Bobby Sherriff hablaba de ratas y de harina blanca. La fotografía de su hermana colgaba en el pasillo del instituto, cerca del constante murmullo de la fuente. Tenía una cara obstinada, hermética, inclinada de tal modo que en sus ojos se habían instalado sombras. La vida de la gente, en Jubilee como en todas partes, era aburrida, simple, asombrosa e insondable…, cuevas profundas cubiertas de linóleo de cocina.

No se me ocurrió entonces que algún día codiciaría tanto Jubilee. Tan ávida y desorientada como tío Craig en Jenkin’s Bend cuando escribía su historia, yo también querría escribir algo.

Intentaría hacer listas. Una lista de todas las tiendas y los locales de la calle principal y sus propietarios, una lista de los nombres de las familias, de los nombres de las lápidas del cementerio y de cualquier inscripción que hubiera debajo. Una lista de los títulos de las películas que habían proyectado en el Lyceum Theatre de 1938 a 1950, aproximadamente. De los nombres grabados en el cenotafio (más de la Primera Guerra Mundial que de la Segunda). De los nombres de las calles y su situación en el plano.

La ilusión de precisión que ponemos en estas tareas es demencial y conmovedora.

Y ninguna lista podía contener lo que yo quería, porque lo que yo quería era hasta el último detalle, cada capa de discurso y pensamiento, cada golpe de luz sobre la corteza o las paredes, cada olor, bache, dolor, grieta, engaño, y que se mantuvieran fijos y unidos, radiantes, duraderos.

En ese momento no prestaba mucha atención a esa ciudad.

Bobby Sherriff me habló nostálgico mientras me cogía de las manos el tenedor, la servilleta y el plato vacío.
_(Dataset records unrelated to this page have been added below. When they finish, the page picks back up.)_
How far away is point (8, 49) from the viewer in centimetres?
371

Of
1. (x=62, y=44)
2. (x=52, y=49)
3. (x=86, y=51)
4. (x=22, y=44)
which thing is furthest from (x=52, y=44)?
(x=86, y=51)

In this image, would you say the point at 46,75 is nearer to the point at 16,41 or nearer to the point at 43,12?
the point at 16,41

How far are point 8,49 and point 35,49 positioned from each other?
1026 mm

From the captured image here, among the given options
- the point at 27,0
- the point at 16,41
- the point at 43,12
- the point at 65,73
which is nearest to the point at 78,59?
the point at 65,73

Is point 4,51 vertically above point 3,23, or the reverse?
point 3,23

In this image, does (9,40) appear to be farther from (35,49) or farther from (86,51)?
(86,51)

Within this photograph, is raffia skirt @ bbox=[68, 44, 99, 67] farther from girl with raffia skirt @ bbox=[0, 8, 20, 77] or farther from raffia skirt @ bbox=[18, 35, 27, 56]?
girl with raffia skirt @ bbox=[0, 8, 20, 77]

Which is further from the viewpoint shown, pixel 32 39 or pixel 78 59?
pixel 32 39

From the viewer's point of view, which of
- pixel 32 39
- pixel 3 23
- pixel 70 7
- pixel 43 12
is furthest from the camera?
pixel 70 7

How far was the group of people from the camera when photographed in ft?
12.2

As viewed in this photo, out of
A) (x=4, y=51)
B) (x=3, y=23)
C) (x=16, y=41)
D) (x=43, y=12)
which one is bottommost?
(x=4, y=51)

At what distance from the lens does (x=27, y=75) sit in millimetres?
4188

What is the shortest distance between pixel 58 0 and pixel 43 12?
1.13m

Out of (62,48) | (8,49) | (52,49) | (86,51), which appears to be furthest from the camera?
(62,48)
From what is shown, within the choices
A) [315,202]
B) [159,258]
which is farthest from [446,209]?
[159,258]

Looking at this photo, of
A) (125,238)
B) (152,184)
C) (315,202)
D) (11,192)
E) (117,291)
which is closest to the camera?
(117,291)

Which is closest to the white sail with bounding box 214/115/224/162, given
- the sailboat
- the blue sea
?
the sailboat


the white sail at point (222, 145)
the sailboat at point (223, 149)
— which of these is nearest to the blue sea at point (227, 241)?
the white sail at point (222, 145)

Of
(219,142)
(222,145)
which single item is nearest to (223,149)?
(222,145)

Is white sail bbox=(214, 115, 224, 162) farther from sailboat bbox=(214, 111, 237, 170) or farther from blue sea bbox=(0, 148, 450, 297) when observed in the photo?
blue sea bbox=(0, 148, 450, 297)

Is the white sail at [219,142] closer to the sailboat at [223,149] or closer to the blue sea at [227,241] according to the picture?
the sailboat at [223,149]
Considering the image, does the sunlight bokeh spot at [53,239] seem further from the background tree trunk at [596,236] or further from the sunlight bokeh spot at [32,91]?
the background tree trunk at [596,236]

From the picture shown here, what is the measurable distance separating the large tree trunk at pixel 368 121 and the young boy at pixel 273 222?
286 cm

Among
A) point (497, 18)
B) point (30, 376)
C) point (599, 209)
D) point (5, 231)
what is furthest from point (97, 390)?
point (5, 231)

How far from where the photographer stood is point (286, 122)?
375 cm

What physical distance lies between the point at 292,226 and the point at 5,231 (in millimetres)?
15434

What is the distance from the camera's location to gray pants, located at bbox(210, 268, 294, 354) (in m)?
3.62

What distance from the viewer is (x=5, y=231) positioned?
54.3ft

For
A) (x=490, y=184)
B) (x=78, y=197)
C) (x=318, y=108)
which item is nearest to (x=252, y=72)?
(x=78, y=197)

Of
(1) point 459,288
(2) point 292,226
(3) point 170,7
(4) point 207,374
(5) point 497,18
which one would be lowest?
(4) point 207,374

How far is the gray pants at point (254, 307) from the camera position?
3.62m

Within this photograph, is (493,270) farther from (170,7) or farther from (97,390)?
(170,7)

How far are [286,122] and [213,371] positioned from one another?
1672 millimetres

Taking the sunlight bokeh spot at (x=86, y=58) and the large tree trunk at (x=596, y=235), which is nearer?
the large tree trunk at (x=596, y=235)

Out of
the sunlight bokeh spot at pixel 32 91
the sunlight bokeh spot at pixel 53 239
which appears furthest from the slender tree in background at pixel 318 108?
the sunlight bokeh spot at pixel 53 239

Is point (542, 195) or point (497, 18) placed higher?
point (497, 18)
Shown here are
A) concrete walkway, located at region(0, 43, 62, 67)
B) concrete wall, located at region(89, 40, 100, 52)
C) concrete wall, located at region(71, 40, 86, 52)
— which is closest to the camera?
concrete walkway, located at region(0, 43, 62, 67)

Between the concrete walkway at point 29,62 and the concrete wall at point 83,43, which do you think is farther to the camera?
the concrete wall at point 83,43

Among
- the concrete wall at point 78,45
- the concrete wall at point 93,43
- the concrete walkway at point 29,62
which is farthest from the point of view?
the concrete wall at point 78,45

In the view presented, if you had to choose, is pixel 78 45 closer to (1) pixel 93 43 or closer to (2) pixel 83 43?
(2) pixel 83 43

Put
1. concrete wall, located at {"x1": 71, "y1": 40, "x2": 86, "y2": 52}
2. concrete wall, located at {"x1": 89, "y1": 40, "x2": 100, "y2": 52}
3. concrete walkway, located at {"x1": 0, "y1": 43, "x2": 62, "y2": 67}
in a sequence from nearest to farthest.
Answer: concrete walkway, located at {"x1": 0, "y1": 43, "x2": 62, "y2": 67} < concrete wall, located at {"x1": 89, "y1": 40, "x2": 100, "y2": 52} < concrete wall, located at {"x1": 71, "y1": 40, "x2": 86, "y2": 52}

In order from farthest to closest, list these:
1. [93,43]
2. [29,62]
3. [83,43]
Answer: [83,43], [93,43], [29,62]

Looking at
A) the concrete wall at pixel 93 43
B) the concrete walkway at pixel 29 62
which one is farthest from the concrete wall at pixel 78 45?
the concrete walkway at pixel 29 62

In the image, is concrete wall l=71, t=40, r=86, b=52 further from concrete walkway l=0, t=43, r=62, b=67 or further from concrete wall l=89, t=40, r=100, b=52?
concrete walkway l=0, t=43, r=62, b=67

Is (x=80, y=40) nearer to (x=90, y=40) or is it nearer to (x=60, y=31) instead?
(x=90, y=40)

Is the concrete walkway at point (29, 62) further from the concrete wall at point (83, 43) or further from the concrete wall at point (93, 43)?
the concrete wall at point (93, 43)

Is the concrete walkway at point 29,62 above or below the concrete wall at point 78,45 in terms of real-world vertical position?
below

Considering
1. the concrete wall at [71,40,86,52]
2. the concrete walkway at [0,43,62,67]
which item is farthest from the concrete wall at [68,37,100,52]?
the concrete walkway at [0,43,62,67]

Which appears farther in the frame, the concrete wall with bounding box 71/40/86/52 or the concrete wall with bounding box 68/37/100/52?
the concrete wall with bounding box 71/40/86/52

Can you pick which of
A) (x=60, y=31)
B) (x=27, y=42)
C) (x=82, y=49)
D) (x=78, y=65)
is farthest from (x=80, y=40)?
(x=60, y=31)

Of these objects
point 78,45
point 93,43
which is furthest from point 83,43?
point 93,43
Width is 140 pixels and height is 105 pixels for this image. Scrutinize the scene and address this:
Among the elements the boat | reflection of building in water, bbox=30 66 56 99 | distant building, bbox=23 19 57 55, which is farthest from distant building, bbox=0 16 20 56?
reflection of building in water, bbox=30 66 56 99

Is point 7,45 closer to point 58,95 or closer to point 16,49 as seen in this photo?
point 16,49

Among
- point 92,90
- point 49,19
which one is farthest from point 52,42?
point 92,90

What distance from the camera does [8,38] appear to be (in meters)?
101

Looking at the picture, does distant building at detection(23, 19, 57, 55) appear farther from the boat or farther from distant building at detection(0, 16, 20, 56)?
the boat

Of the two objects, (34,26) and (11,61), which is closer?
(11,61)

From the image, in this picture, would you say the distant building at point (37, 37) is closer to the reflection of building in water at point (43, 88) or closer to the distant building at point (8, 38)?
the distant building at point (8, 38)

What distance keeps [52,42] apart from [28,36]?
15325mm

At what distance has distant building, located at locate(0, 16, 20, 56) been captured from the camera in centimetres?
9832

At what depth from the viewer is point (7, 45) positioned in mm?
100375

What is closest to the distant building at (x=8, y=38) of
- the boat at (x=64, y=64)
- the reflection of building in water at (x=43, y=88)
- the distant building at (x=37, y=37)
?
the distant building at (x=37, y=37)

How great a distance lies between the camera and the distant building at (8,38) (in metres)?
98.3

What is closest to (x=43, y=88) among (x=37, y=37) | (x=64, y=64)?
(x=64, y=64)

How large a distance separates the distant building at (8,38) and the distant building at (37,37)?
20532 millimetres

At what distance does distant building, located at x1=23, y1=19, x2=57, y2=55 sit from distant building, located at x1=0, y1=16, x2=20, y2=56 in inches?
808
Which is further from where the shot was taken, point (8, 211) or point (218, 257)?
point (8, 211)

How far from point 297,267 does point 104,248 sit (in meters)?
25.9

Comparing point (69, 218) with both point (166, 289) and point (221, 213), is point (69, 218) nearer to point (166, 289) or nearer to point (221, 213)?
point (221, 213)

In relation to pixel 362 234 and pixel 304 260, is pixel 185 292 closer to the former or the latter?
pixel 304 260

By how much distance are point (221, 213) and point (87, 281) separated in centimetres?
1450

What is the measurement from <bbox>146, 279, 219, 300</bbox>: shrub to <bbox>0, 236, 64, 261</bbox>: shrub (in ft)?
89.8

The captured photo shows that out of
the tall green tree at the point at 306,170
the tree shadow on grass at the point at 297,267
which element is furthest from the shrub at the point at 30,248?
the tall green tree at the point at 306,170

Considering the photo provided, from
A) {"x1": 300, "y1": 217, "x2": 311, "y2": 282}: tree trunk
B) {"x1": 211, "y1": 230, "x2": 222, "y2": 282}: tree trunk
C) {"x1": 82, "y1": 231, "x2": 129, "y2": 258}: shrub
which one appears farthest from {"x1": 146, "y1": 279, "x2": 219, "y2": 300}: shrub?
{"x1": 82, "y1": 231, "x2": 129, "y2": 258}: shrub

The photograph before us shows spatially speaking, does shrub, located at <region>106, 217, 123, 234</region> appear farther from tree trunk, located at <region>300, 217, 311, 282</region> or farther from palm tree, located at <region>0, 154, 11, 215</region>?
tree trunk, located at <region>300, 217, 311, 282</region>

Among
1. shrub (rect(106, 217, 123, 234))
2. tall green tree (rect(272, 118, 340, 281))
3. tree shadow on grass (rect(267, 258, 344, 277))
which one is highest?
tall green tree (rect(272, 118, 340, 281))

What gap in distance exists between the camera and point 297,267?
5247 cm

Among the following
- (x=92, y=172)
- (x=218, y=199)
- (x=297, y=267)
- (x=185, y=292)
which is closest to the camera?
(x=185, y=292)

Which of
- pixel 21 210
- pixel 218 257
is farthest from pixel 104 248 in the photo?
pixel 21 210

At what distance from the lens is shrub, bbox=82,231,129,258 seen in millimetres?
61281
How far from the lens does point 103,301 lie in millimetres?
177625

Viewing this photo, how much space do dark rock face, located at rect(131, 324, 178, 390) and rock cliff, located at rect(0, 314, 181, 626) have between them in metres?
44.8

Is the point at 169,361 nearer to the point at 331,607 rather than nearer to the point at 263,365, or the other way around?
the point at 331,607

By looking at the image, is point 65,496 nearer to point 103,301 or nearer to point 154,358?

—Créeme —dijo—, te deseo suerte en la vida.

Luego hizo la única cosa especial que haría por mí. Con las manos ocupadas, se levantó sobre las puntas de los pies como un bailarín, como una bailarina rolliza. Ese gesto, acompañado de una sutil sonrisa, parecía ser una broma que no compartía conmigo sino más bien exhibía ante mí, y que además parecía tener un significado conciso, depurado: era una letra, o una palabra entera, en un alfabeto que yo no conocía.

Los deseos de la gente, así como sus otros ofrecimientos, los aceptaba entonces con naturalidad, un poco distraída, como si me correspondieran sin más.

—Sí —respondí en lugar de dar las gracias.